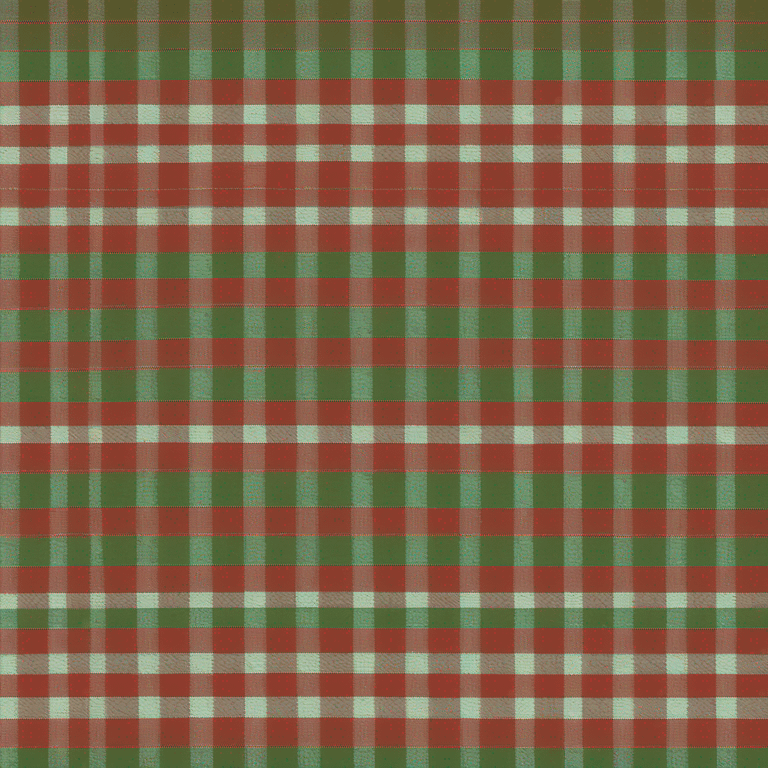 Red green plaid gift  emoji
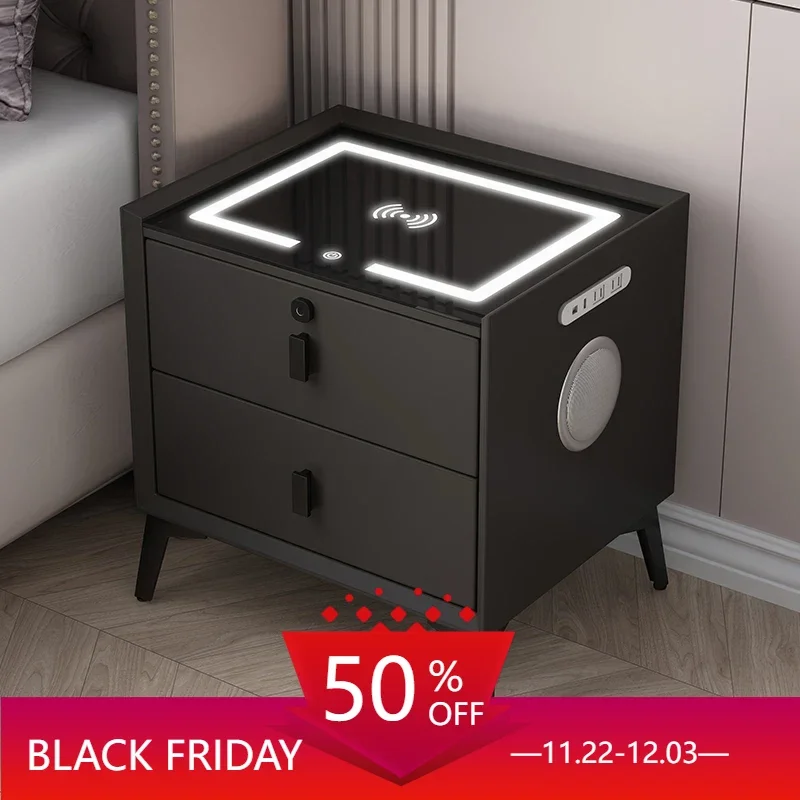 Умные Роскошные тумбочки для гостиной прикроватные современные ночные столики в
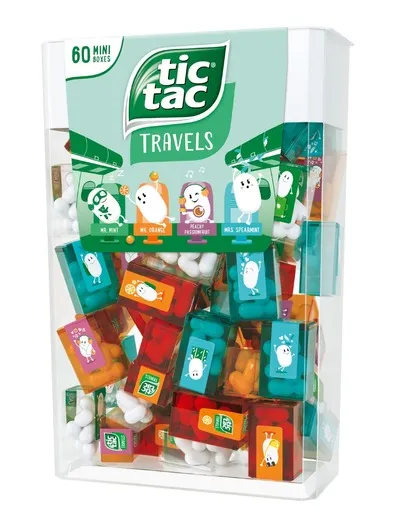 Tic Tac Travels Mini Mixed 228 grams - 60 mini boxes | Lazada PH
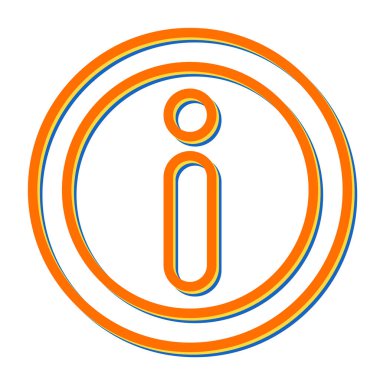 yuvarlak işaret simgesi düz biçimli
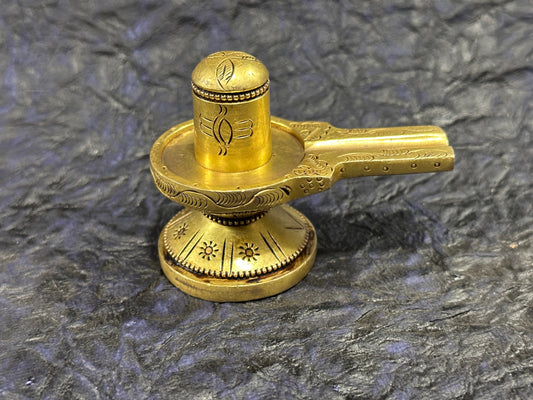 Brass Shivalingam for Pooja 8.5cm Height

TRY IT:
Take the lines from the one holding "Tic Tac Travels" through the final line of the records above and output them exactly, both ends included, excluding pictures.

REPLY:
 Tic Tac Travels Mini Mixed 228 grams - 60 mini boxes | Lazada PH
 yuvarlak işaret simgesi düz biçimli
 Brass Shivalingam for Pooja 8.5cm Height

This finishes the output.